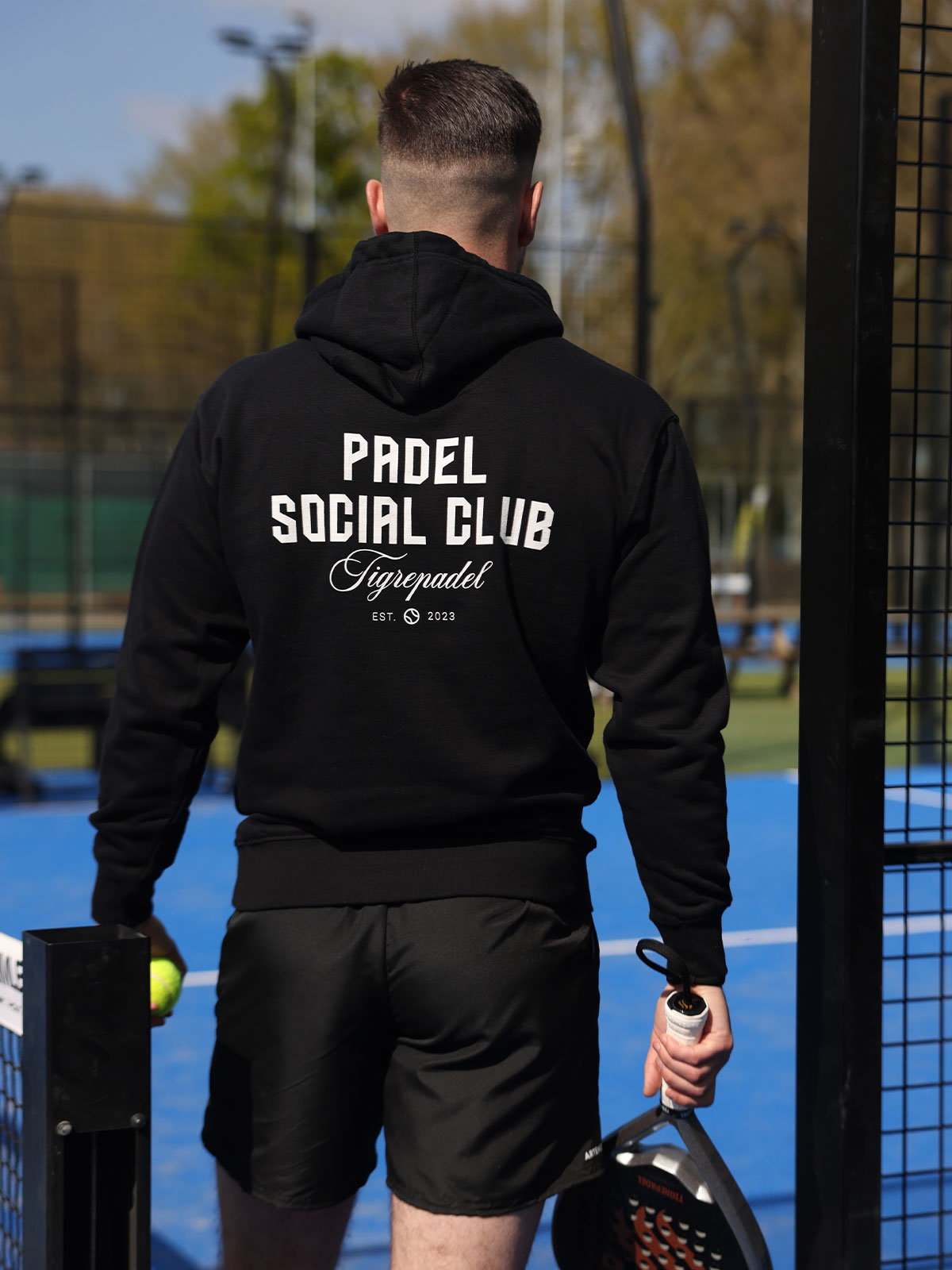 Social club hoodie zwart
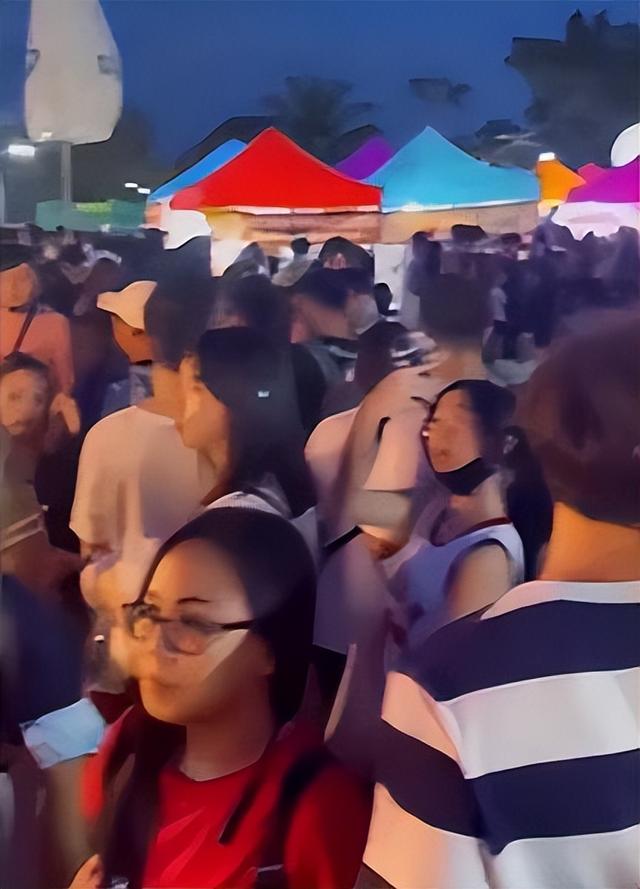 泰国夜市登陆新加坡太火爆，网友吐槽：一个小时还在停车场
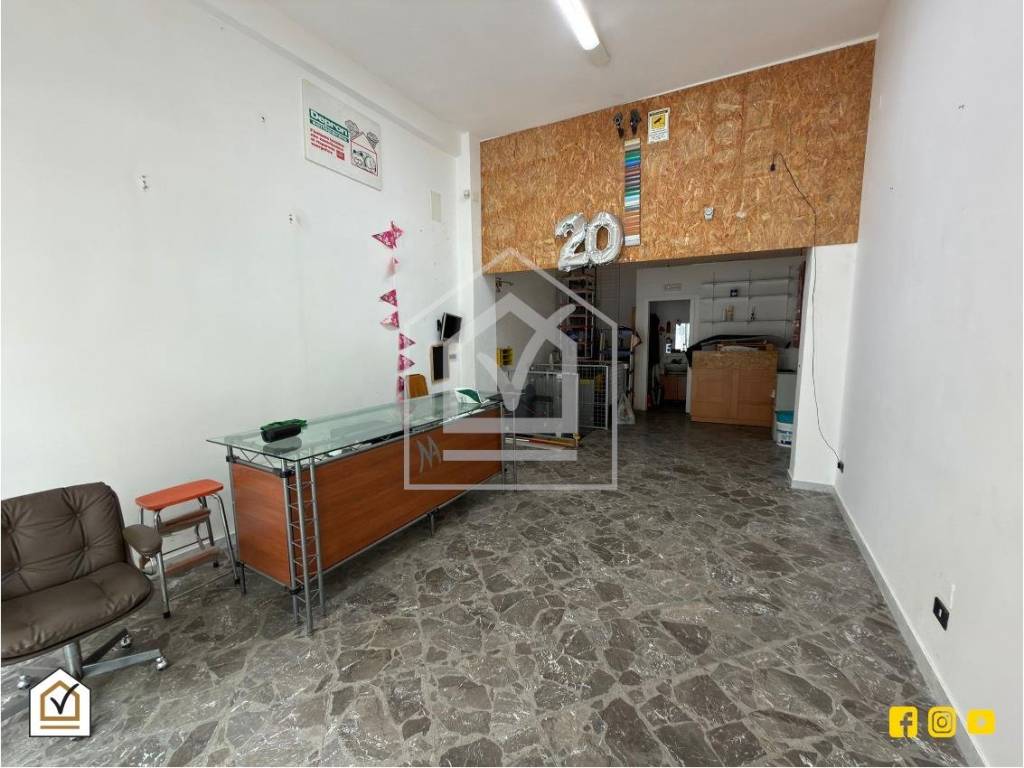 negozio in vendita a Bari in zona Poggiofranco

################

**PROMPT**
Print the listing exactly. No pictures belong in the copy.

**RESULT FOR THIS EXERCISE**
 Social club hoodie zwart
 泰国夜市登陆新加坡太火爆，网友吐槽：一个小时还在停车场
 negozio in vendita a Bari in zona Poggiofranco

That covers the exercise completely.